An existential risk can thus be redefined more precisely as any catastrophe that’s spatially global, temporally transgenerational, and terminal in intensity. This fixes the typology, but how does it deal with the two counterexamples above? To address these problems, we need to be specific about the particular population of beings affected by the existential event, since both problems derive from how “everyone everywhere” is construed. (In Definition #1 it’s too broad; in Definition #2 it’s too narrow.)

Perhaps a solution is to specify the relevant group as either our current population or any future population that we care about.^ix By defining the group affected in terms of what we value, the problems of good and bad extinction can be effectively solved: insofar as Gedanken experimentus is a desirable species to become, this scenario doesn’t count as an existential risk; and insofar as we don’t want our lineage to be destroyed by a race of superintelligent posthumans (however superior their moral status or aligned with transhumanist values of infinite progress), this scenario does constitute such a risk.

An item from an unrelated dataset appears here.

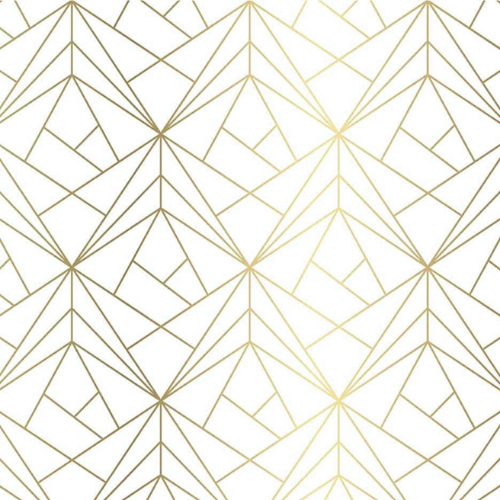 Geometric Gold Pattern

Let’s call this Definition #3.

This offers a modified account both of what an existential risk’s consequences are, and of what the relevant group affected by these consequences is. I don’t put it forward only as a tentative idea – a point of departure for further discussion. I have argued that there are a number of problems with the two primary definitions currently being used in the literature – problems that, to my knowledge, no one hast yet pointed out. Perhaps Definition #3 is a small step in the right direction.

(For more on this and a number of related issues, see my forthcoming book The End: What Religion and Science Tell Us About the Apocalypse.)

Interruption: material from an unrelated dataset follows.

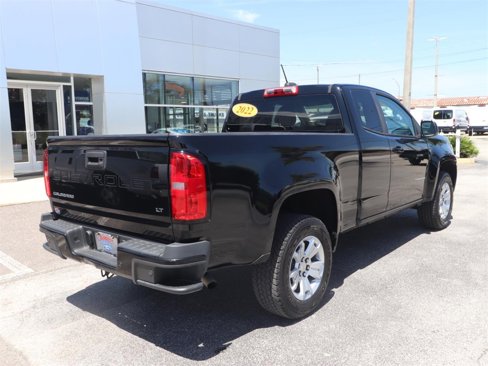 Used 2022 Chevrolet Colorado LT w/ Fleet Safety Package image 12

i One finds this in other papers of his as well, as in the abstract of Bostrom’s “Existential Risk Prevention as Global Priority.

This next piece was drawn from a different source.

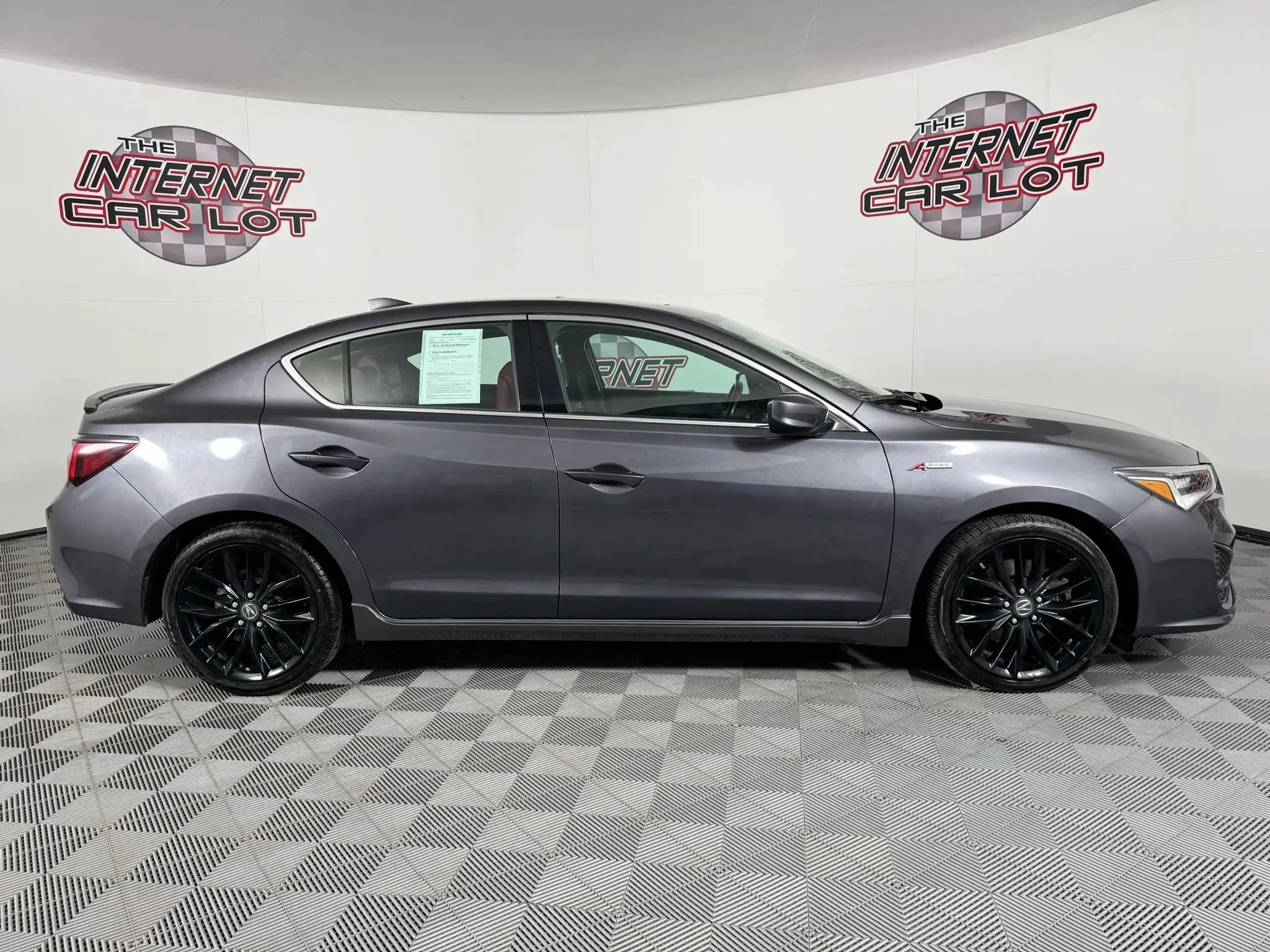 Used 2022 Acura ILX w/ Premium Package FWD image 8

ii Here I’ll use the non-anthropology sense of Homo sapiens specifically, rather than our entire genus.

iii See Bostrom’s “Transhumanist Values.” Search for “technological progress.”

iv Notice that Definition #1 handles this scenario perfectly well. It doesn’t count it as an existential risk, which seems right.

v See “Why I Want to be a Posthuman When I Grow Up.”

vi Accepting, say, transhumanism’s definition of “potential.”

vii Notice that Definition #2 handles this scenario perfectly well. It counts it as an existential risk, which seems right. Also notice that if bad extinction weren’t a problem, the project of Friendly AI would be pointless.

viii We could, alternatively, simply say that the risk was endured by the locality, which is, after all, the relevant (spatial) scope.

ix Or would care about if we knew about them.